Q2: Figure 2 is too small.

Thanks for the suggestion! We have found more space for Figure 2 and enlarged it, by moving the dataset details into the Appendix.

Q3: More detailed contrast to existing work in related work.

Thank you for your suggestion! We have added more details of existing works in the related work, such as "...Park et al. [47] extend the knowledge distillation-based [2, 15] continual image classification method to the domain of video by proposing the time-channel distillation constraint. Douillard et al. [14] proposed to tackle the continual semantic segmentation task with multi-view feature distillation and pseudo-labeling...". Due to space constraints, we cannot include the entire section here.

Q4: All tasks have distinct classes. Is it a special case? Do you have an intuition or looked into variations where actually a smaller part of instances from a specific class is part of all tasks?

No, this is not a special case. In continual learning, models are typically trained on a sequence of new tasks with distinct classes. This setup is standard for evaluating a method's ability to tackle catastrophic forgetting.

In scenarios where a smaller subset of instances from a specific class appears across all tasks, the forgetting issue for that specific class would be minimal or nonexistent. However, our proposed methods could still be applied to mitigate catastrophic forgetting in other classes and leverage knowledge from previous tasks to enhance fine-tuning on the shared classes in new tasks.

Q5: Are there any compromises due to the hardware limitation?

Great question! We did not compromise the original data quality, such as image resolution or compression. Since the video encoder, object detector, and image encoder are frozen, we can pre-extract these features offline and use them to train the subsequent parts of the model, which allows us to remove the computational load of these three frozen components from the GPU, enabling the training process on a single RTX A5000 GPU with 24GB of memory.

Q6: What is the memory size? How does the memory and computation scale to new tasks as the memory keeps growing beyond 4 tasks?

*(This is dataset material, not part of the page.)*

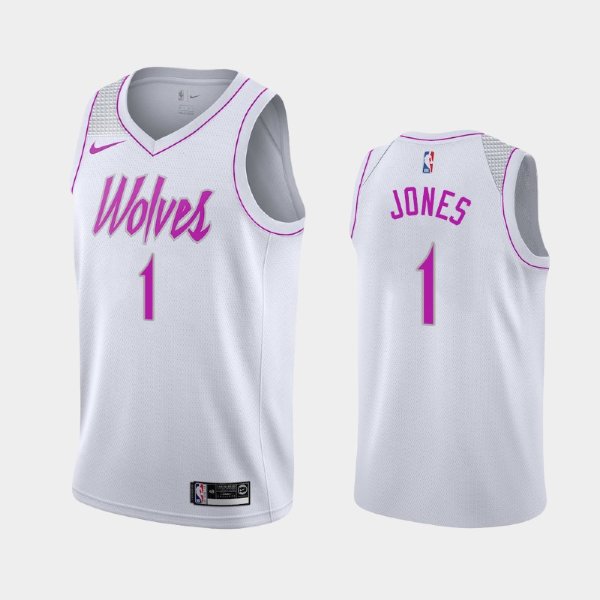 Minnesota Timberwolves #1 Tyus Jones White 2018-19 Earned баскетбольная майка NBA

Great question! The memory size is set to 1 sample per old class. By keeping only 1 sample for each old class in memory, it becomes easy to scale to new tasks.

Q7: Why choose 11kHz as the audio sampling rate?

We choose 11kHz as the audio sampling rate as it is a common setting for the MUSIC-21 dataset in existing audio-visual sound separation papers [1,2,3].

Q8: How does this scale to hard examples, where both instruments are the same? How much the approach is able to derive from movement and how much from appearance in the visual modality?

In our model architecture iQuery [1], it consists of a spatial-temporal video encoder to extract the motion information from the given video. This allows the model to differentiate between instruments based on their motion patterns, even when they are from the same category and have similar audio characteristics.

In hard cases where instruments have a similar appearance, the separation capability primarily relies on motion cues from the visual modality. However, when instruments have distinct appearances, the visual modality's appearance features can provide sufficient visual cues to effectively guide sound separation.

Q9: How does Figure 3 scale to n-tasks? One chosen class after following tasks.

Nice suggestion! We randomly select one class ("accordion") from the first task and report its performance after training for each task. The results are shown in the following table (please see the following Official Comment with the title of "Results table of question Q9: How does Figure 3 scale to n-tasks? One chosen class after following tasks"), in which we can see that our method has an overall better performance compared to baselines. We can also observe that with incremental step increases, the performance of each method on this class tends to improve. This is because the memory data can be paired with data from previously unseen new classes to acquire new knowledge for old classes in subsequent tasks, as discussed in our paper. However, the performance drop compared to the upper bound still exists, demonstrating that catastrophic forgetting still occurs.

[1] iQuery: Instruments as Queries for Audio-Visual Sound Separation. In CVPR 2023.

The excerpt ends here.